Of course, such a binge is not physically possible: so what are we to do with those long stretches of time between orgies? What is the point of life when strong pleasures are unattainable? By this path we again ellide out of the hedonist ideal, and enter a scale of values based on different principles.
The epicureans tried to get around this problem by moderating almost to nullity the pleasures of the body, while exalting the tamer pleasures of the mind; an approach they took to a logical extreme by defining pleasure as the absence of pain. Of course, absence of pain is what the dead feel: by this formula, I will achieve epicureanism – alas, as a permanent condition – when I become a corpse.

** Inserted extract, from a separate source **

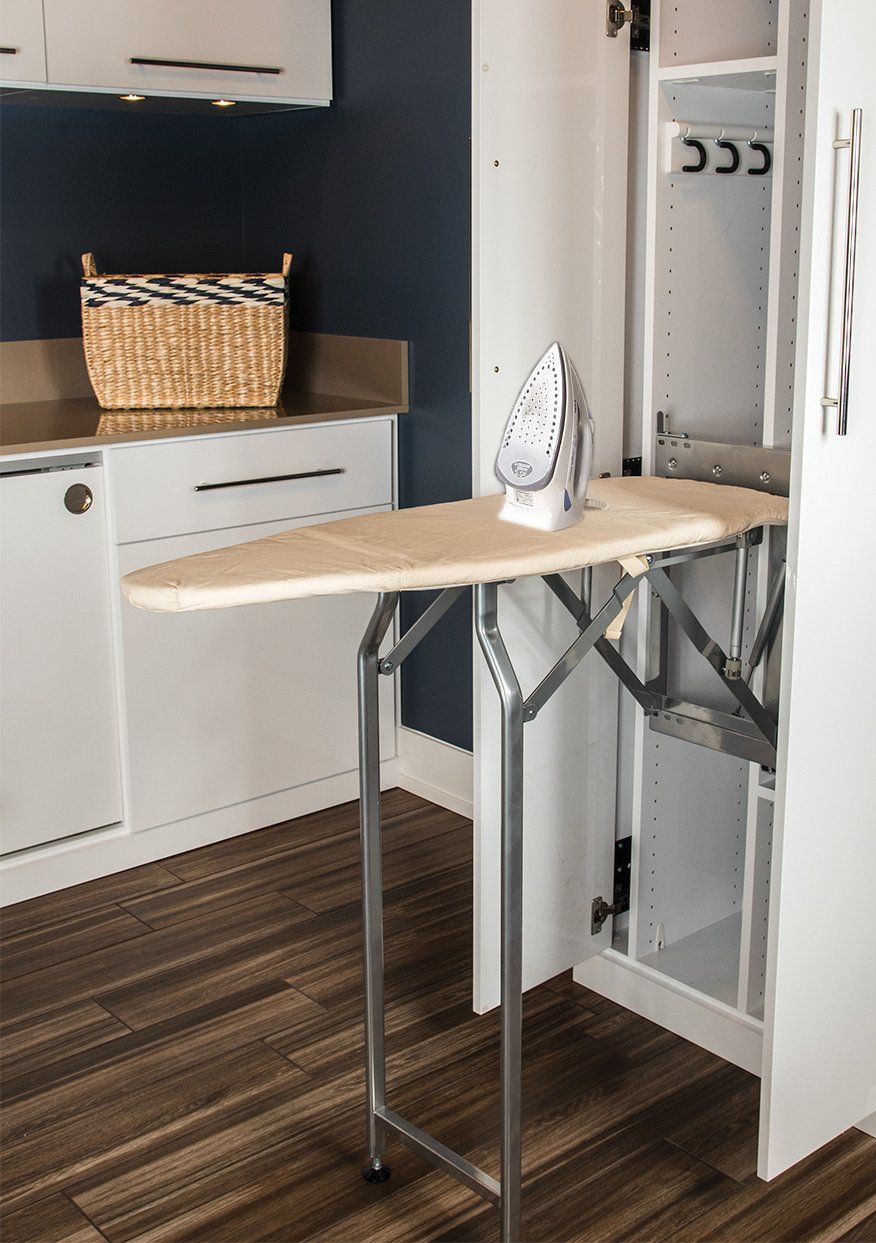 An ironing board is built into a cabinet in a laundry room.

For the living, the “pleasures of the mind” work well enough, if one happens to be a professor of philosophy. For the “vast numbers” cited by Taylor, it may feel like the next worst thing to being dead.
If one isn’t allowed to love with passion, or play a sport with intensity, or roar in ecstasy when your team scores a touchdown – or, indeed, feel utterly moved by the beauty of, say, motoring down the Grand Canal on a perfectly sunny day, or reading Priam’s speech to Achilles in the Iliad, or listening to the last aria in the Marriage of Figaro – if all one is allowed is moderation in life’s great pleasures, I question whether we are allowed to live at all. Epicureanism may be feasible as a doctrine of pleasure for eggheads; a type of pleasure that is, thankfully, impossible for the rest of us to attain.